[Task requirements]: What lines of the material below hold the string "Women"? Copy them out.

[Task input]:
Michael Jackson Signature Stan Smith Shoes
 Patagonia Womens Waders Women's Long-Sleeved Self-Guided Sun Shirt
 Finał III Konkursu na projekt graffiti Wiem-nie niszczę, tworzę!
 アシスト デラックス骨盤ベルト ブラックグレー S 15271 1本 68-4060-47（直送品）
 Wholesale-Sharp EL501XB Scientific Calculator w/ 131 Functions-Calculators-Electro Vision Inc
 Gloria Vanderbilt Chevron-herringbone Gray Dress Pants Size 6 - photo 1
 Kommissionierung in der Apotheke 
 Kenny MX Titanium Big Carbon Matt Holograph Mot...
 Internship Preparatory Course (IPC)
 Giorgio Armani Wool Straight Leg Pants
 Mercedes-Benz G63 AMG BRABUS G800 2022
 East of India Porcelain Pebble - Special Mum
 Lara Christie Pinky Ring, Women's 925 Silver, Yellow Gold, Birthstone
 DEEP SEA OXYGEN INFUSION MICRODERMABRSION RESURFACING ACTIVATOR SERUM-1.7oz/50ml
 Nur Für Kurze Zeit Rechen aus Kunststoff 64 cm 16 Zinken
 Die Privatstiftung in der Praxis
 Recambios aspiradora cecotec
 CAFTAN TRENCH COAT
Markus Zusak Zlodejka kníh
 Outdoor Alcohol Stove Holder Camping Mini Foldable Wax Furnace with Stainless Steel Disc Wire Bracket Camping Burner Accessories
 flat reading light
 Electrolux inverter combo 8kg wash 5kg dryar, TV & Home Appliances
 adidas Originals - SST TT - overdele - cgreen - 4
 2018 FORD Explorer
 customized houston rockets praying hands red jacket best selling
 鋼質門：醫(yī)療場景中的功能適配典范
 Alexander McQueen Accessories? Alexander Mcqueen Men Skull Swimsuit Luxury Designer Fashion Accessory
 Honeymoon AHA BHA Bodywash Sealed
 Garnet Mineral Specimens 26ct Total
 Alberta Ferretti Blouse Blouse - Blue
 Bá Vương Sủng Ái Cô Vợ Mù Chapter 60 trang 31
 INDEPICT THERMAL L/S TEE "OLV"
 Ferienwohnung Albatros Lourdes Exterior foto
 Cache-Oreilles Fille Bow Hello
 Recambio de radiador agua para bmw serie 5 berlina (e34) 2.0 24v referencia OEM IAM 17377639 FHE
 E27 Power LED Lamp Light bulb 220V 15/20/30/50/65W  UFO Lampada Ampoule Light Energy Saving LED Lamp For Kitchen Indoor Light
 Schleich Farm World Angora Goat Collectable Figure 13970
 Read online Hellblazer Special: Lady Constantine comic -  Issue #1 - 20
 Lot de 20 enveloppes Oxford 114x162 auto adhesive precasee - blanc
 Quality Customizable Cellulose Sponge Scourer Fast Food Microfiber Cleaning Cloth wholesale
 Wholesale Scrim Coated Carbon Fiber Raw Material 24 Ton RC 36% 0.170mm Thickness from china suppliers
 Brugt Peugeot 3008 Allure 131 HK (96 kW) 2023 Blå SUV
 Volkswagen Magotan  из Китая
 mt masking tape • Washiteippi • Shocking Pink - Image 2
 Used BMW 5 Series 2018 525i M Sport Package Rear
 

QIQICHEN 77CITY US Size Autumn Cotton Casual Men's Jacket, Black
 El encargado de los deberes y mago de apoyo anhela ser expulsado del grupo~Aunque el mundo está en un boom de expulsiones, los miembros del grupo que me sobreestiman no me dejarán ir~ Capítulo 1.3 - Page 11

[Your solution]:
 Patagonia Womens Waders Women's Long-Sleeved Self-Guided Sun Shirt
 Lara Christie Pinky Ring, Women's 925 Silver, Yellow Gold, Birthstone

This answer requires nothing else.